Sidibe attributes that to Daniels' innate sense of humor, and, of course, to Mo'Nique's. But the unlikely ingenue acknowledges that the laughter and fooling around when the director yelled "Cut!" represented a form of catharsis, too.
"I think we probably did need some relief, because of the subject matter, because it was so heavy," she says. "There were a few times when Mo'Nique would just go off into a rant of jokes. There was this one time when Lee got really mad at us because we started dancing. . . . We were always, like, singing a song or dancing or doing something. . . . We immediately broke character."

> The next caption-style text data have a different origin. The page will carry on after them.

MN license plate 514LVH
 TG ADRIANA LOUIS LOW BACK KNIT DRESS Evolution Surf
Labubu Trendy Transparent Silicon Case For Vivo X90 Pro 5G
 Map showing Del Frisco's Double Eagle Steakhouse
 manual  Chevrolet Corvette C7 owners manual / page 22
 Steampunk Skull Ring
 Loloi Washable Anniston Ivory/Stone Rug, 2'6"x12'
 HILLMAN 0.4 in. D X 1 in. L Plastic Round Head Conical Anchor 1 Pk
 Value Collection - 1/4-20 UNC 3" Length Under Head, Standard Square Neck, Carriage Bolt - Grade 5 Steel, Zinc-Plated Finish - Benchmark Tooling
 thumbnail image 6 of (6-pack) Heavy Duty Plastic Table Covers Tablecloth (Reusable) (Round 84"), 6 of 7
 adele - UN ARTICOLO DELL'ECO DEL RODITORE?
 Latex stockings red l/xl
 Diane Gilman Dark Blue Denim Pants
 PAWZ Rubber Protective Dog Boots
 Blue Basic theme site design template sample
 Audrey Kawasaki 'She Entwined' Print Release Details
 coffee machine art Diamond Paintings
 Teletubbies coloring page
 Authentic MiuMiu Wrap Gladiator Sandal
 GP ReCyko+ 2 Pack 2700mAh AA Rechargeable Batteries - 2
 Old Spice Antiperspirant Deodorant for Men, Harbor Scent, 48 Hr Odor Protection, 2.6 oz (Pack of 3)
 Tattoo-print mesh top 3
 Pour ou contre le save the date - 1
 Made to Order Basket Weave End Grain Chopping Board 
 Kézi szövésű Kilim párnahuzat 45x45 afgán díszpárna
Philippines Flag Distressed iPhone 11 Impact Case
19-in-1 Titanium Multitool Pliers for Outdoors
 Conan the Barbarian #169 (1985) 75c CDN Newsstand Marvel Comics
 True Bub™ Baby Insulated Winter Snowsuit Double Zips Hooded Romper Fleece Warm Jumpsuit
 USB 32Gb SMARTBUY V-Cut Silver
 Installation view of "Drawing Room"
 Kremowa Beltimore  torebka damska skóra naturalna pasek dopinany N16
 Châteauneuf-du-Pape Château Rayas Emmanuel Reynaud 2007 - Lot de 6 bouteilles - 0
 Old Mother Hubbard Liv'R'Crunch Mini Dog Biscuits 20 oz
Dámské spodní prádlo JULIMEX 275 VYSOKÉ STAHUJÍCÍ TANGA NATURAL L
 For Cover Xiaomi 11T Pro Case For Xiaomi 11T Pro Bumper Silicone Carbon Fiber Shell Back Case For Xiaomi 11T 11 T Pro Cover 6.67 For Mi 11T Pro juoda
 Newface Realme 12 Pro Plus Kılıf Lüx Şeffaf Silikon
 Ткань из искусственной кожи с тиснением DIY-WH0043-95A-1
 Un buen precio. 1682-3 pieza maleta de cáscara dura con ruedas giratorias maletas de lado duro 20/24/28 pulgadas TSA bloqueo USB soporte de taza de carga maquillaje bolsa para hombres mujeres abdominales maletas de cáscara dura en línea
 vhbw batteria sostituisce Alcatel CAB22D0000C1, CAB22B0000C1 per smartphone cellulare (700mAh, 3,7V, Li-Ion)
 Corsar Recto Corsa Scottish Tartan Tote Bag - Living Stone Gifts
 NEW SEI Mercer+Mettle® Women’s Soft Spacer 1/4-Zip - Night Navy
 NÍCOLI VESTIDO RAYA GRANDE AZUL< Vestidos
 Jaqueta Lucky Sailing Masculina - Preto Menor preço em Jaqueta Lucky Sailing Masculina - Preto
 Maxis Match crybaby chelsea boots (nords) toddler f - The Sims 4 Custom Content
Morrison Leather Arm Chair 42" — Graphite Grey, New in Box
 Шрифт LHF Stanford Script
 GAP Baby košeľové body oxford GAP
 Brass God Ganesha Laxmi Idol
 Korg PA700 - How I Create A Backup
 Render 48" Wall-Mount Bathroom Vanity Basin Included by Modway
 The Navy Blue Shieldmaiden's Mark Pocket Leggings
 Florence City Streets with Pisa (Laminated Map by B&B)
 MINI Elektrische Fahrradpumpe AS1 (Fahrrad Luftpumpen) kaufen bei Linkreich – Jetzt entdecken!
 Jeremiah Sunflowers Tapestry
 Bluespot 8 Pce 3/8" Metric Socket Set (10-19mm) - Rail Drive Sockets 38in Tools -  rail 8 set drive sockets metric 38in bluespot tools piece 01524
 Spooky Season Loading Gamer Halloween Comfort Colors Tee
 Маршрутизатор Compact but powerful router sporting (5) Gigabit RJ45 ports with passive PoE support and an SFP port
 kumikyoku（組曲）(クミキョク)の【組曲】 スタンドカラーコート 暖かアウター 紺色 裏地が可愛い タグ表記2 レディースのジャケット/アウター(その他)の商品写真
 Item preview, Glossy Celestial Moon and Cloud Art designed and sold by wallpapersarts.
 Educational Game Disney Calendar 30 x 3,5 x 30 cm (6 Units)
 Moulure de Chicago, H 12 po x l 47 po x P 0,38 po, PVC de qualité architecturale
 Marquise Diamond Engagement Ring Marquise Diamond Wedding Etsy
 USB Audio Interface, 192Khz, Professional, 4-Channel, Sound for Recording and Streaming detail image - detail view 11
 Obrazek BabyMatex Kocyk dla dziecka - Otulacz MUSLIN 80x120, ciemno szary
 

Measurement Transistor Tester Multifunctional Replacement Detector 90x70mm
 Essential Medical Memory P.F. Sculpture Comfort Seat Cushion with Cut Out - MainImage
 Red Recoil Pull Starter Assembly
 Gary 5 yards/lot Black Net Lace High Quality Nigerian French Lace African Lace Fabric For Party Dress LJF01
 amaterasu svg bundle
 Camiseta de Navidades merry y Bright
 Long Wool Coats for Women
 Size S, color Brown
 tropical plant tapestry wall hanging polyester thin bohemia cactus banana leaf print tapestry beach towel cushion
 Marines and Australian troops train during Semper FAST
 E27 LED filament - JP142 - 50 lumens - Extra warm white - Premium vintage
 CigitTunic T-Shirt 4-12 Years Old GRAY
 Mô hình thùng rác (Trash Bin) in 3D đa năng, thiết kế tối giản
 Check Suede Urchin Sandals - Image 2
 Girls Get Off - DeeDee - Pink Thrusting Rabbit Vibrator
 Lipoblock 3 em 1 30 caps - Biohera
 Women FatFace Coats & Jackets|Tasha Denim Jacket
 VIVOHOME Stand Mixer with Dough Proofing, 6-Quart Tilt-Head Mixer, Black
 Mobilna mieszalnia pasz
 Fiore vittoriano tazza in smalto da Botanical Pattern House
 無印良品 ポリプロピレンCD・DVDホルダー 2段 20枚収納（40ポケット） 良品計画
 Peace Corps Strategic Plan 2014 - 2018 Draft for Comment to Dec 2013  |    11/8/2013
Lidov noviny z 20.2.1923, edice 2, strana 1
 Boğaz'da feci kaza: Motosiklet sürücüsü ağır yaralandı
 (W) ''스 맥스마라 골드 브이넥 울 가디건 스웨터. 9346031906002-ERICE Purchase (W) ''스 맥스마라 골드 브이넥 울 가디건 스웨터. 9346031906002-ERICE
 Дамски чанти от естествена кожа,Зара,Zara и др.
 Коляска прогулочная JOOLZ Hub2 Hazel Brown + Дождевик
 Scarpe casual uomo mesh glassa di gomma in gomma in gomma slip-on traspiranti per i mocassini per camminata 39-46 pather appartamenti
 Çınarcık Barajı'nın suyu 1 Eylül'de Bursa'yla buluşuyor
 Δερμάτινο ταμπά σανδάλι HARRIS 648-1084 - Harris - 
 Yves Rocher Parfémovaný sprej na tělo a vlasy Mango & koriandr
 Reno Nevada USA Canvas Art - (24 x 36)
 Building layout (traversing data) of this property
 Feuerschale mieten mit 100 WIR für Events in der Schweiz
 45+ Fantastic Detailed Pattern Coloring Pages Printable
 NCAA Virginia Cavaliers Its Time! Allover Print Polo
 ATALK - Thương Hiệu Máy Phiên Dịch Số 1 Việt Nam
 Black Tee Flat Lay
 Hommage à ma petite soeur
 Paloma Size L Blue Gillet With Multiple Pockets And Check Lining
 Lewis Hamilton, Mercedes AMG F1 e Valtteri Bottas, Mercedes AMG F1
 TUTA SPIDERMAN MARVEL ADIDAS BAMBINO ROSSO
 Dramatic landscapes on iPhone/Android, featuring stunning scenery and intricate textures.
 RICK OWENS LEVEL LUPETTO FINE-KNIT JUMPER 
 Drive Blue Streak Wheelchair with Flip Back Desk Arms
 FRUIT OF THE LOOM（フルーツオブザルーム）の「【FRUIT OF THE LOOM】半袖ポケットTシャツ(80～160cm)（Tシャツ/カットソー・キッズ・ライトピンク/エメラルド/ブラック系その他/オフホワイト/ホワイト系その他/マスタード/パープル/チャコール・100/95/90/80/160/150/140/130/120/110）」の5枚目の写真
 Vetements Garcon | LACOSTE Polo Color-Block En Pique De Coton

Since January, when Precious premiered at Sundance and sparked a bidding war (won by Lionsgate), Sidibe has traveled with the film to Cannes, to Toronto, across the states and overseas. She has found herself at parties, in the company of movie stars and celebs. She has finished work on another film, Yelling to the Sky, with Zoë Kravitz (Lenny's daughter).
"It feels completely surreal," Sidibe says. "Whenever I thought about what I would be doing when I was a grown-up, I always imagined I'd be wearing one of those kind of tacky business suits - the skirt business suit - with a pair of socks and sneakers, going to work.
"And I had a briefcase - not that I knew what's in the briefcase. I'm not sure what my life would have been."